Baseball's great oobleckoning reached an important milestone Sunday evening: Reliever Hector Santiago of the Seattle Mariners became the first player disciplined under the league's new ball-doctoring enforcement protocols when he was ejected from an eventual win over the White Sox after umpires conducting a fifth-inning inspection discovered a blob of performance-enhancing ooze inside his glove. Enforcement of the new rules kicked in on Monday, June 21; in the days since some 92 games have been played. Figure at least three pitchers per team per game, two checks per starter and at least one per reliever, plus an extra one for Joe Girardi to troll Max Scherzer, and you've got somewhere in the neighborhood of 650 total ooze checks. Santiago isn't the first pitcher in all that to have a suspect piece of equipment—Diego Castillo of the Rays had his hat confiscated earlier in the week for a suspicious greasy spot—but he's the first to have been found with sticky stuff after pitching, and therefore is the first to earn the boot.
The explanation offered after the game by Santiago and manager Scott Servais makes a kind of crooked sense, once you factor in the very special way the brains of professional baseball players work: Basically, because it was unseasonably hot and humid in Chicago Sunday, Santiago all but rolled around in a big pile of rosin between innings, and a good deal of it accumulated in the sweaty interior wrist area of his glove.
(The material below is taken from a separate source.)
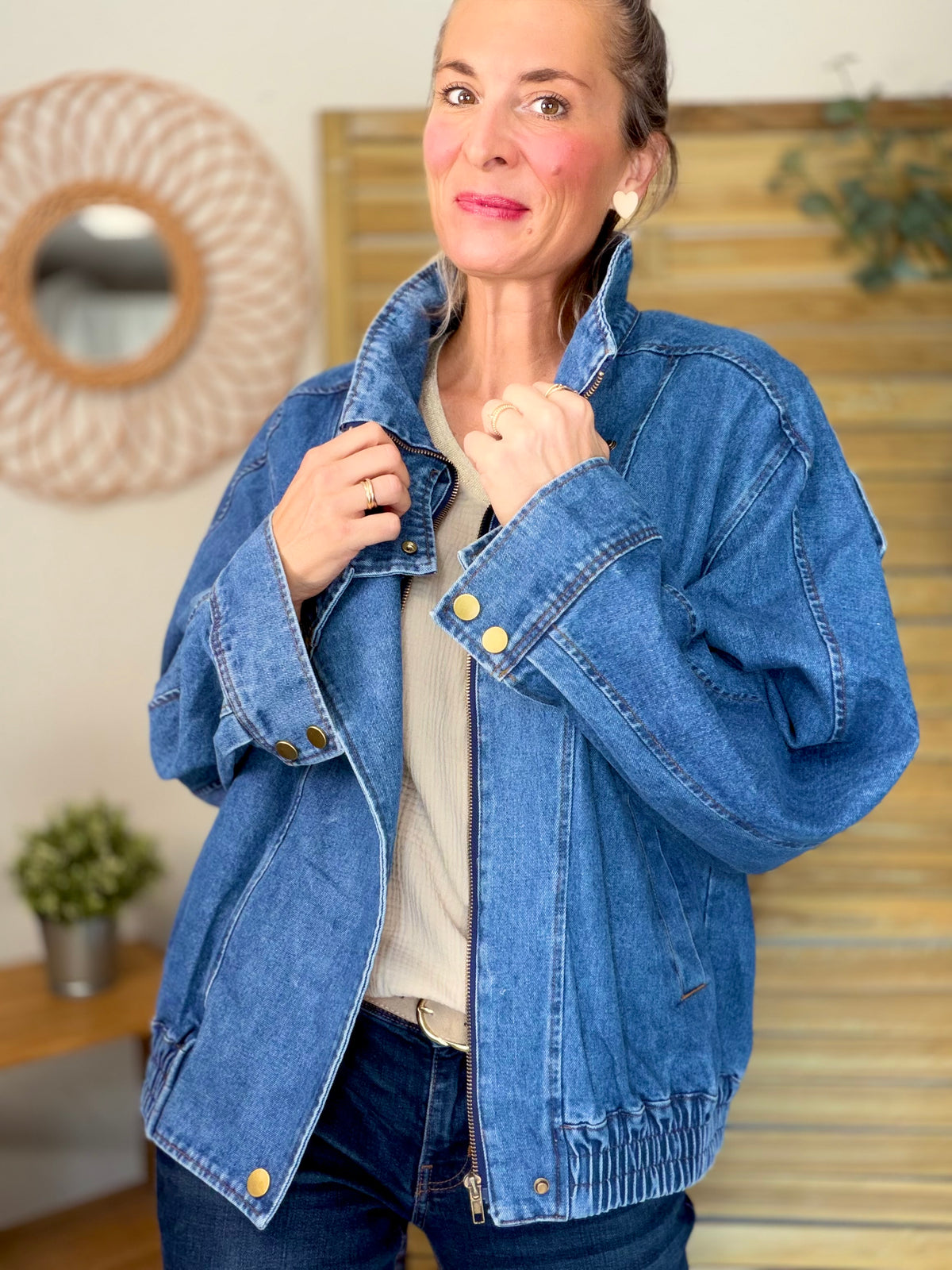 ⚡️ ARRIVAGE • Veste en jean oversized col montant ARIANE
Servais said because there was "85 to 90 percent humidity" at game-time, Santiago "had rosin all over himself," something Servais saw fit to categorize under "doing the right thing." Maybe a normal person wouldn't think to coat their body in powdered evaporated pine milk as a heat-management strategy, but then again no one in history has ever for even one second confused a professional baseball player with a normal person. These guys are fuckin' weird.
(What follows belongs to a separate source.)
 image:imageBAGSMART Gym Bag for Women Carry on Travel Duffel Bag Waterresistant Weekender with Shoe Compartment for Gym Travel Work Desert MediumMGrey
Rosin is allowed by baseball's new rules, as is any mixture of rosin and sweat or spit. But rosin and sunscreen is a no-no, and of course the more advanced lab-concocted goos are out of the question. Santiago says umpire Phil Cuzzi, who issued the ejection, told him you can't use rosin on your glove hand. Crew chief Tom Hallion, speaking after the game, sounds an awful lot like he's saying the issue was with the nature of the slime, and not where on Santiago's person the slime was discovered: "What we do is we go around the whole glove, feeling for anything that would be sticky or something. It was very noticeable, and then the rest of the crew inspected to make sure we were all in agreement. All four agreed that it was a sticky substance and that's why he was ejected ... You just use your judgment on what you would consider is sticky, and not a norm for what we have seen over all our careers in baseball."
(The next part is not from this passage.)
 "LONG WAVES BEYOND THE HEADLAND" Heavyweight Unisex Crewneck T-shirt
It's useful to note that the new protocols, the umpires charged with game-day enforcement, and the players themselves all agree that there's a difference between the rosin-and-sweat mixture, which ostensibly is used for grip, and "sticky stuff," which is used to impart spin on a baseball in excess of what is generally considered possible with a normal human hand. Santiago was adamant after the game that once baseball does "all this science stuff" on his glove—it was wrapped and preserved and will be tested by the league office to determine the nature of the offending muck—they will find "sweat and rosin" and nothing more. That the entire umpiring crew agreed on the foreign substances determination gives this a veneer of credibility, but it is nevertheless sort of hilarious that baseball's system for identifying cheaters relies on a group of umpires muttering together under the hot sun and then making a forensic determination that might later be overturned by an actual laboratory. If the half-assed scratch-and-sniff test turns out to have been wrong, Santiago will have been kicked out of a baseball game because a group of guys who despite years of training can't manage a strike zone misidentified a mystery slick of tacky junk from the extremely-unpleasant-to-think-about moist interior of his rosin-caked glove.
Even if the lab confirms Cuzzi's impression of the goop, this is a system with some fairly significant vulnerabilities. And if it doesn't, all umpires will have done is labeled a guy a cheater, hit his team with a competitive disadvantage, and damaged the credibility of baseball's anti-muck enforcement strategy. A lot's on the line! If Santiago's slime is in fact rosin and sweat, he will be cleared and will face no further punishment. If it's something else, Santiago may find himself occupying another ignominious spot in history, as the first player suspended under the league's new protocols. Gaylord Perry would be proud.